Results found index hospitalization costs were $47,196 for TAVR and $46,606 for SAVR, while follow-up costs between hospital discharge and the two years were less for TAVR ($19,638) compared with SAVR ($22,258). Overall, the total combined two-year cost was $66,834 for TAVR compared with $68,864 for SAVR – a difference of $2,030.

Researchers also noted that two-year quality-adjusted life expectancy was greater with TAVR than SAVR (1.71 vs. 1.66 quality-adjusted life years, p=0.06), largely driven by early benefits in both quality of life and survival. Although long-term outcomes remain unknown at this time, Cohen and colleagues project TAVR has a 95% probability of being cost-effective compared with SAVR. They note that additional studies over the next 10 years are necessary.
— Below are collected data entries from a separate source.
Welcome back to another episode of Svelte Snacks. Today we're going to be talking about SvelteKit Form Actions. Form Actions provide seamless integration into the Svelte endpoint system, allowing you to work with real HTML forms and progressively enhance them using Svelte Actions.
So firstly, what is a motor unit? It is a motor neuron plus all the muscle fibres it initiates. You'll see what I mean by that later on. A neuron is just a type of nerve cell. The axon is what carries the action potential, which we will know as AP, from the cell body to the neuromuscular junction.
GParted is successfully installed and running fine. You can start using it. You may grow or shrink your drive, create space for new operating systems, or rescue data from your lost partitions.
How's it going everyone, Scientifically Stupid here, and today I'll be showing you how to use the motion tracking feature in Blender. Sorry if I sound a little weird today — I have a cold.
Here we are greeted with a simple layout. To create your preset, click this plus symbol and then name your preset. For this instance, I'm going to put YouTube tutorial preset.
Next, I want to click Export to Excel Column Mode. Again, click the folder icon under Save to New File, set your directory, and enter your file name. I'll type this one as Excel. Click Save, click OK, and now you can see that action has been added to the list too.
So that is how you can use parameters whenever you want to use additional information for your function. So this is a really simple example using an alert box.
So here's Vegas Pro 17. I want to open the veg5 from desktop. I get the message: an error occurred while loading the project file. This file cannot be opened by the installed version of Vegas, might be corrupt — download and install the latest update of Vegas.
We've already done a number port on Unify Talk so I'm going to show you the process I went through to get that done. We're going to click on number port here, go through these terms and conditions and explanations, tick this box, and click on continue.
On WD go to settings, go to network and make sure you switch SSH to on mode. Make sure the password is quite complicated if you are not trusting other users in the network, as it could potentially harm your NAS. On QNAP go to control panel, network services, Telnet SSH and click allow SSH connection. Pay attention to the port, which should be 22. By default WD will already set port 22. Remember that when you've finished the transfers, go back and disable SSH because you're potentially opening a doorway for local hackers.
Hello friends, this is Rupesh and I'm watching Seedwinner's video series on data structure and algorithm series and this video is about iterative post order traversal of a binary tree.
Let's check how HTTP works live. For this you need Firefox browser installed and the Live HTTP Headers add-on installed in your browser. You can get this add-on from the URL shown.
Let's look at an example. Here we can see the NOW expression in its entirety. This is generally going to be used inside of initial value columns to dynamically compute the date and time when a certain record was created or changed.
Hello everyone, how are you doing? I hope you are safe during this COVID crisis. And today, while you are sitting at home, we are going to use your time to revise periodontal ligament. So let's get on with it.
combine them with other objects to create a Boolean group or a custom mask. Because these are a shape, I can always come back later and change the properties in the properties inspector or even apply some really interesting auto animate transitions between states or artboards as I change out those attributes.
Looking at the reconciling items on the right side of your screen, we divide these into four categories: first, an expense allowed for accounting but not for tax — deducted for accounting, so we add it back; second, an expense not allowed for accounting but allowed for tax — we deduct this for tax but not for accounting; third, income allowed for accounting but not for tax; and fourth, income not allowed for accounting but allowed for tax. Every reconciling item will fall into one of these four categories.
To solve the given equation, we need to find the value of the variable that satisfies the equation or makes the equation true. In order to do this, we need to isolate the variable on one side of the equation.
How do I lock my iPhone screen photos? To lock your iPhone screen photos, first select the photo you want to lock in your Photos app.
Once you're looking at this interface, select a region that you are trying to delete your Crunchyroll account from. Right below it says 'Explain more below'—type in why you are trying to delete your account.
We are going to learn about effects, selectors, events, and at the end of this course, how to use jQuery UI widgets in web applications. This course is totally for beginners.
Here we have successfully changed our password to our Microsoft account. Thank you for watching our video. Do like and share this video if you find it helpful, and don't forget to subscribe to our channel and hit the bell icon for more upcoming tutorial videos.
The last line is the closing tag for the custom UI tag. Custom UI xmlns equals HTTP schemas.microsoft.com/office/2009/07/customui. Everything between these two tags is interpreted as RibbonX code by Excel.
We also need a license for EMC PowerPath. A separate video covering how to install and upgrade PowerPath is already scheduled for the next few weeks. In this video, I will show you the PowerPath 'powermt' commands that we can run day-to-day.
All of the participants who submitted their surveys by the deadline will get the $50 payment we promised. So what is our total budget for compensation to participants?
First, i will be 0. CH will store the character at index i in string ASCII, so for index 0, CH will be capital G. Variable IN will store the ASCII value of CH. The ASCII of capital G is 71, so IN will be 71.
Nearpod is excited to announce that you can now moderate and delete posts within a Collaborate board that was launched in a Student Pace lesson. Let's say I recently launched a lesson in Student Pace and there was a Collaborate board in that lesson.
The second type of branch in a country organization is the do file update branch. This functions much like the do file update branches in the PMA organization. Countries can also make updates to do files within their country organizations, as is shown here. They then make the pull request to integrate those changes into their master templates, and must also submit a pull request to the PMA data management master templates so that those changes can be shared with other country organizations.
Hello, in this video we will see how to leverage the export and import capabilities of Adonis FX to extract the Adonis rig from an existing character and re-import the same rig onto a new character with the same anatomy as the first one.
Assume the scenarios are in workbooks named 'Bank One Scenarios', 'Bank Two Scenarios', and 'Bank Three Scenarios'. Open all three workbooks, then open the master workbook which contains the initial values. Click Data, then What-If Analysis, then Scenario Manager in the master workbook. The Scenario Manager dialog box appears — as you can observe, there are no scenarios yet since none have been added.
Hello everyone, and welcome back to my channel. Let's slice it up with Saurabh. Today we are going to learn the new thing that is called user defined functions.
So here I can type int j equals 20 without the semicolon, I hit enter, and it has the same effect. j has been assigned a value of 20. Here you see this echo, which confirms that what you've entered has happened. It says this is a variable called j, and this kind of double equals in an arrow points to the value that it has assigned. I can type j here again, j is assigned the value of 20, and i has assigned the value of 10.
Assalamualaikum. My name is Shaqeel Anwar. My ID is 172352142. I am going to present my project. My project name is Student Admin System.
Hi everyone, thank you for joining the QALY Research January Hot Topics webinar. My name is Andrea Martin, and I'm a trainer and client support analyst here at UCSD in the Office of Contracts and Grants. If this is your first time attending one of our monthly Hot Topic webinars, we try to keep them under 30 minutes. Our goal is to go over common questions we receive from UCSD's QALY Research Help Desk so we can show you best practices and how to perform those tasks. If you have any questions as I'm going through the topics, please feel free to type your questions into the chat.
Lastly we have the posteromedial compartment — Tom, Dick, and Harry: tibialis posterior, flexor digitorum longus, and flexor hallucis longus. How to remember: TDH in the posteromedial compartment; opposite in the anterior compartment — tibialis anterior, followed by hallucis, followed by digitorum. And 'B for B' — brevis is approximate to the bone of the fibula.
“Data from the PARTNER 3 trial show that for patients with severe aortic stenosis and low surgical risk, TAVR is cost-saving compared with SAVR at two-year follow-up and is projected to be highly cost effective over a lifetime horizon – as long as there are no major differences in late mortality between the two strategies,” said Cohen.

Meanwhile, results from the SURTAVI trial, while not economic in nature, showed no significant difference in the primary composite endpoint of all-cause mortality or stroke at five years following TAVR or SAVR in patients at intermediate risk, according to Nicolas M. Van Mieghem, MD, PhD, FACC.

In other findings, researchers observed more reinterventions following TAVR in the first two years. However, these rates were similar across both groups after the two-year mark. Key clinical outcomes, including any stroke, myocardial infarction, valve endocarditis and valve thrombosis, were also similar across both groups after two years. Researchers did note that TAVR had significantly better forward-flow hemodynamics than surgery at each follow-up (all p<0.001), but paravalvular leak was significantly better with surgery at each follow-up (all p<0.001).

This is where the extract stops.